◆ What to work on ◆
Only the pictures should be dropped; every line of the data must come back exactly as written.

◆ Material provided ◆
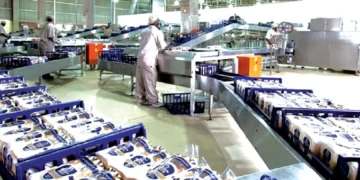 Innscor backs Govt’s 2030 transformation vision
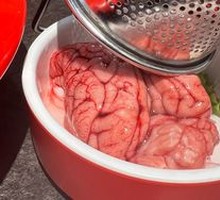 Fresh Pig Brain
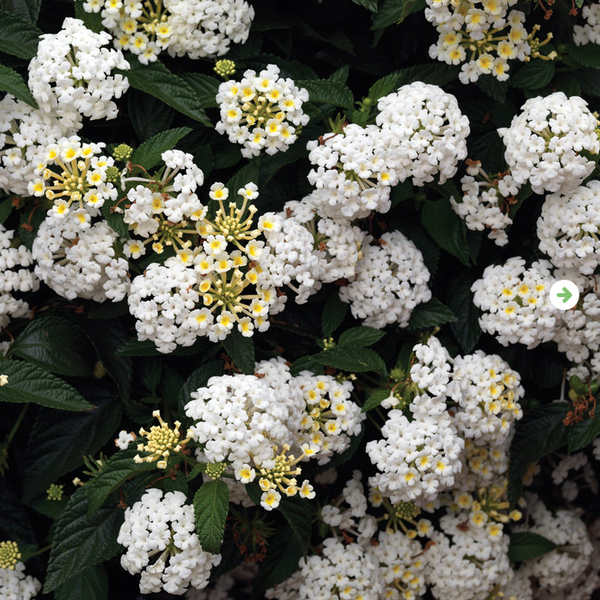 4" Annual - Lantana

◆ Answer to the exercise ◆
 Innscor backs Govt’s 2030 transformation vision
 Fresh Pig Brain
 4" Annual - Lantana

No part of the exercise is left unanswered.